Input data ▸
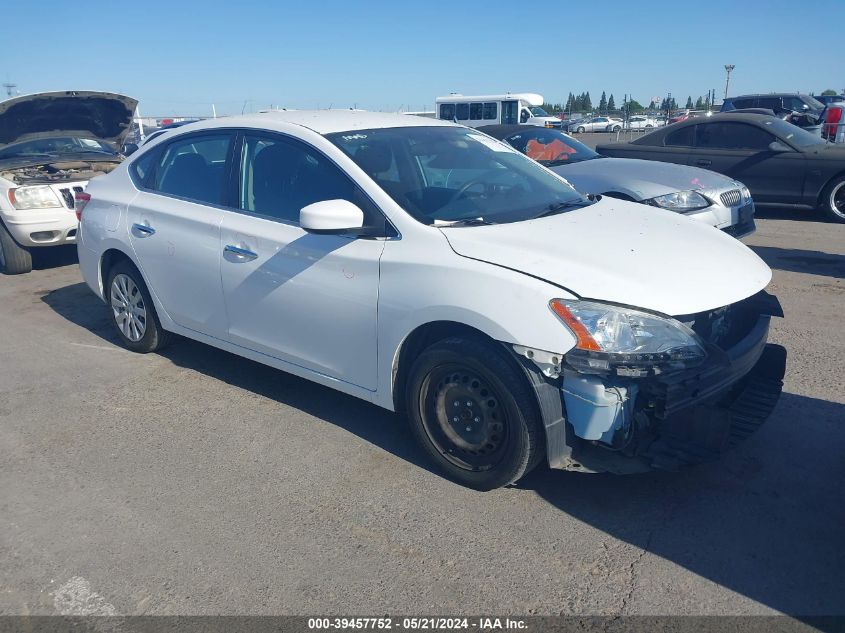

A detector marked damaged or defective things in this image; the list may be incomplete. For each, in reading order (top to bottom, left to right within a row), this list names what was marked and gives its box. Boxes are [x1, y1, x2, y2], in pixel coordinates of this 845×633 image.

missing headlight area [0, 160, 120, 185]
damaged white car [0, 90, 137, 272]
cracked pavement [0, 211, 840, 612]
damaged white car [76, 112, 788, 488]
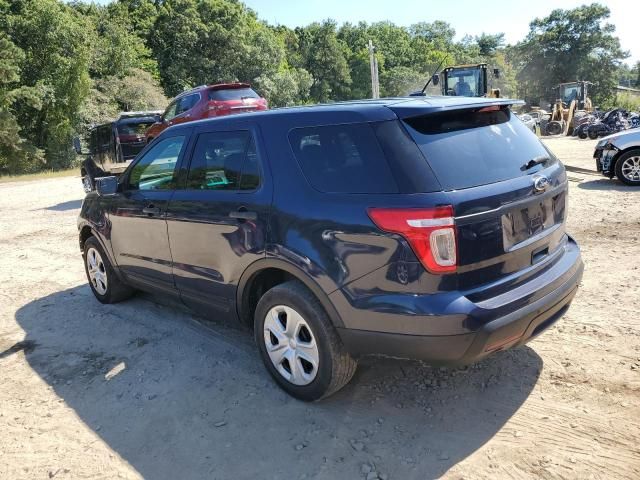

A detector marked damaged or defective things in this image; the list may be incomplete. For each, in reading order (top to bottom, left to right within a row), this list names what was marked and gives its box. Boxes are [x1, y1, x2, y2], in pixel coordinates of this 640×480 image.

damaged vehicle [592, 127, 640, 186]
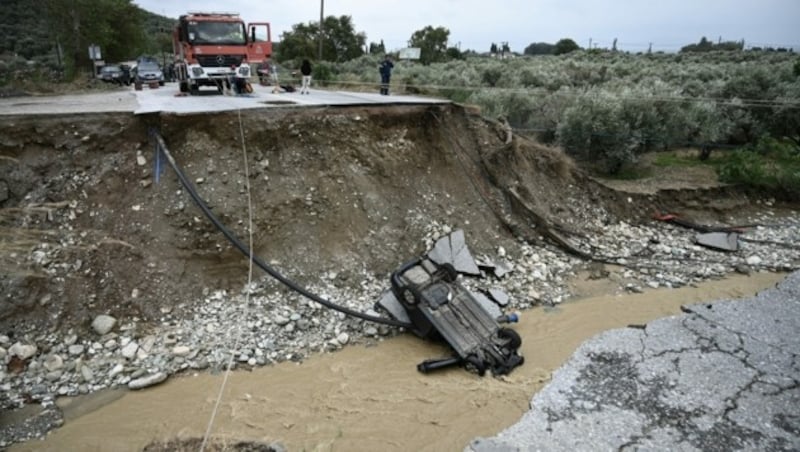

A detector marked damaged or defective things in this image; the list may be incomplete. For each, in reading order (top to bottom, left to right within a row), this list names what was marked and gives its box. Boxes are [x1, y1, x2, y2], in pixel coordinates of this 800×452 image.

broken road slab [468, 270, 800, 450]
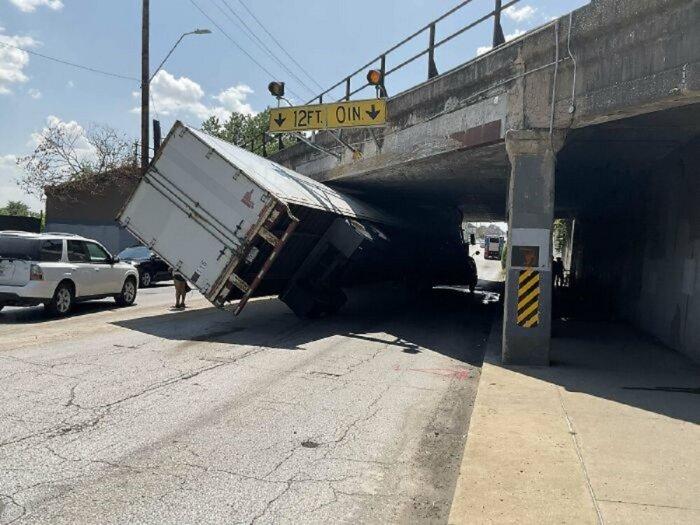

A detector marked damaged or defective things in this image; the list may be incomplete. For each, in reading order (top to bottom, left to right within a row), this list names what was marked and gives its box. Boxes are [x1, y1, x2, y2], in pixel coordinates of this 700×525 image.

cracked asphalt road [0, 260, 504, 520]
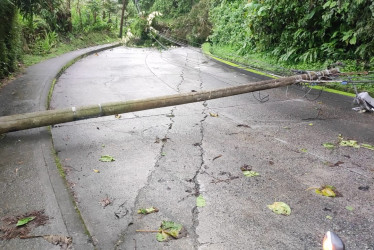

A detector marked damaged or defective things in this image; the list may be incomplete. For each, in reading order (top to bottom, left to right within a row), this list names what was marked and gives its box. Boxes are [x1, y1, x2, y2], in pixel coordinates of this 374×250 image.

cracked asphalt [49, 46, 374, 248]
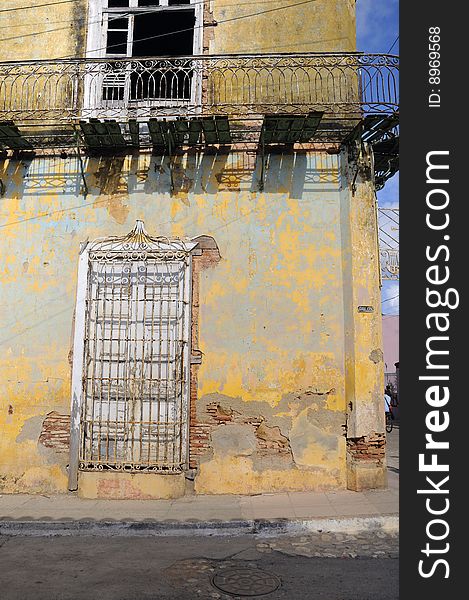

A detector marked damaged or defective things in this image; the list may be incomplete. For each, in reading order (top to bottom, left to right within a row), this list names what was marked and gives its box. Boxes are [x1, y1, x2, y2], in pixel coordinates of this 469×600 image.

broken window [88, 0, 201, 105]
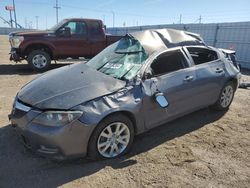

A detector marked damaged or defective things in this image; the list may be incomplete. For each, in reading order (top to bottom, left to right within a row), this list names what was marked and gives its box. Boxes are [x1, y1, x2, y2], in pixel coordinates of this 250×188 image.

crumpled hood [17, 63, 126, 109]
shattered windshield [86, 36, 148, 81]
damaged mazda 3 [9, 28, 240, 159]
damaged front bumper [9, 99, 94, 159]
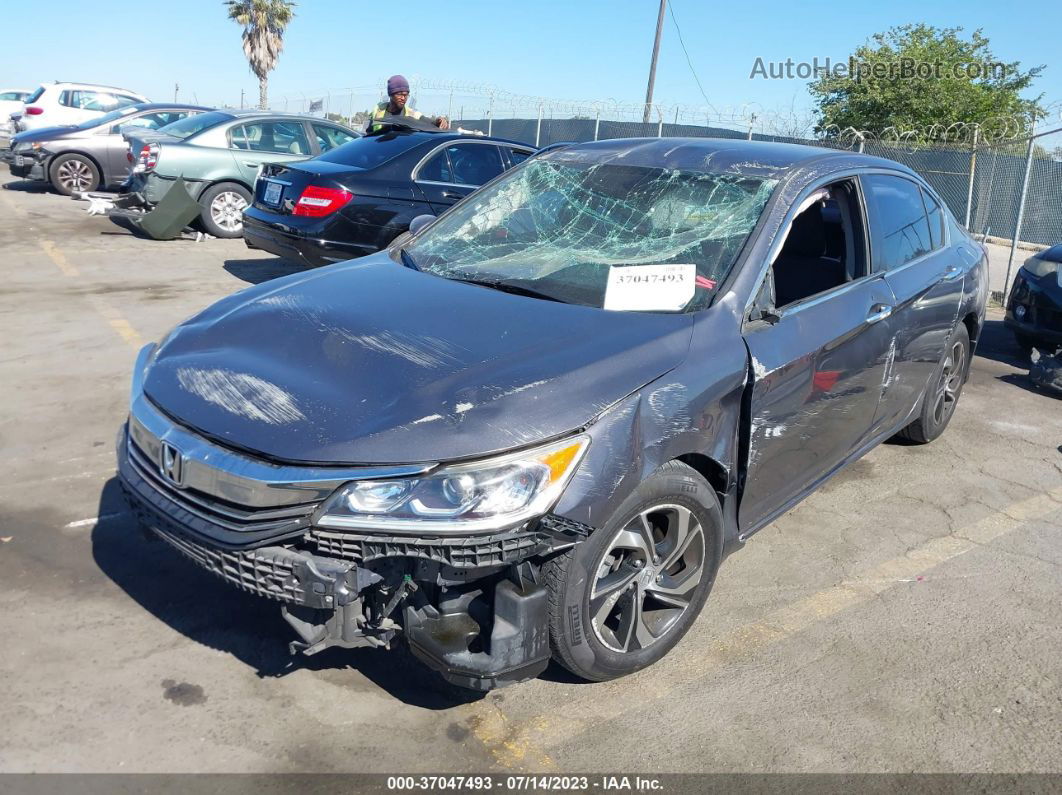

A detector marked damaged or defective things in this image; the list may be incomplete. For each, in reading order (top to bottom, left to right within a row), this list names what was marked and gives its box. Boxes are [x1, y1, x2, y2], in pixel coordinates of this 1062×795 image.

shattered windshield [404, 157, 776, 312]
damaged hood [145, 255, 696, 464]
damaged honda accord [116, 138, 988, 692]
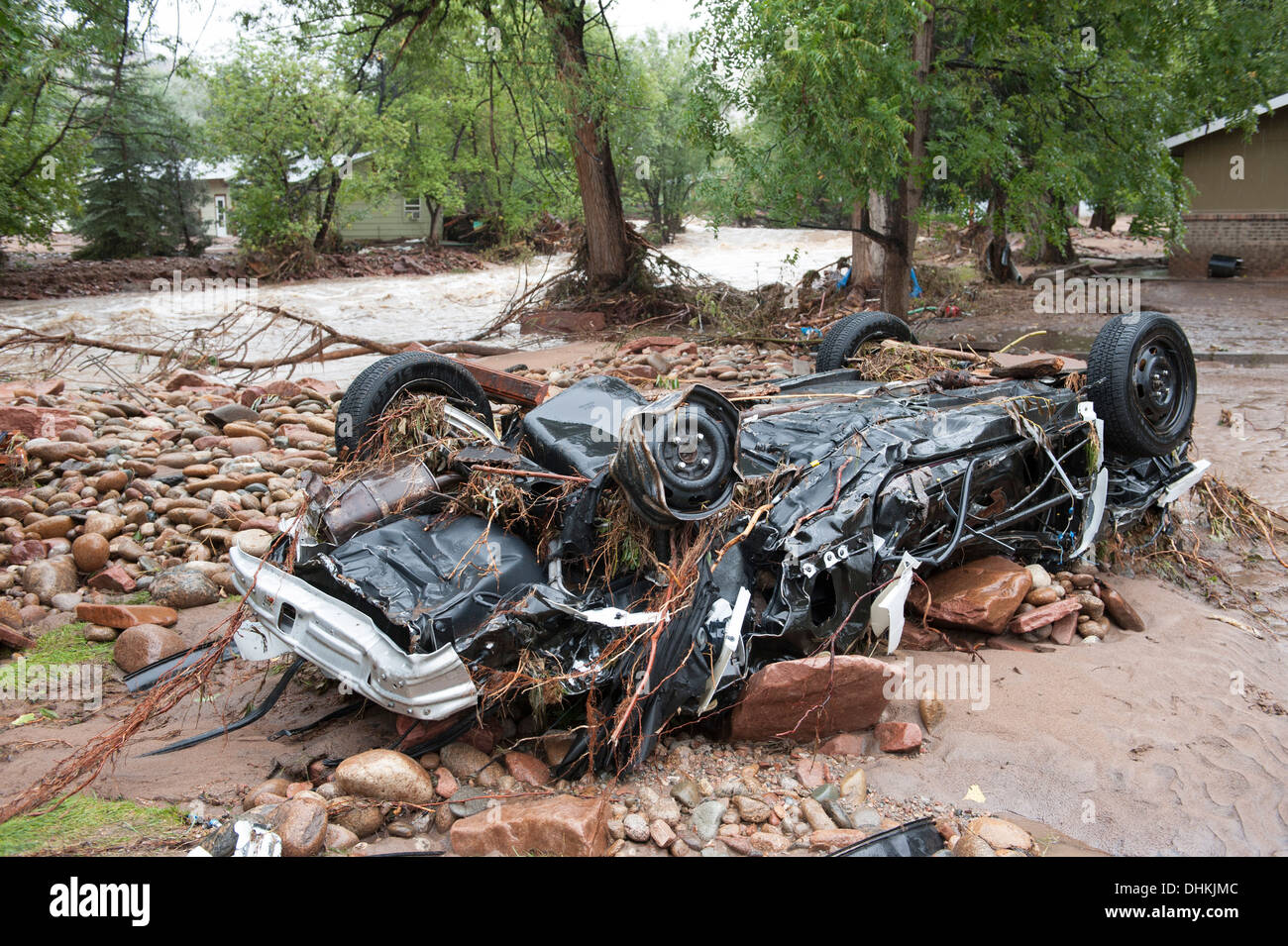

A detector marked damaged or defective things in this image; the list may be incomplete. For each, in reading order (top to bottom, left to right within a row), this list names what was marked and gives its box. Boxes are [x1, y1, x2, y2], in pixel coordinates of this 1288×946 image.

overturned wrecked car [228, 311, 1205, 777]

What you are asked to do ▸ Restate exactly, and only, every line from the one that contains "this 1288×946 image." through the last line of the records.

Task output ▸
A detector marked damaged or defective things in this image; the list may be incomplete. For each, in reading order (top to bottom, left to right within a row), this list names what was marked and gives its box. Boxes are [x1, y1, x2, y2], in pixel coordinates of this 1288×946 image.

overturned wrecked car [228, 311, 1205, 777]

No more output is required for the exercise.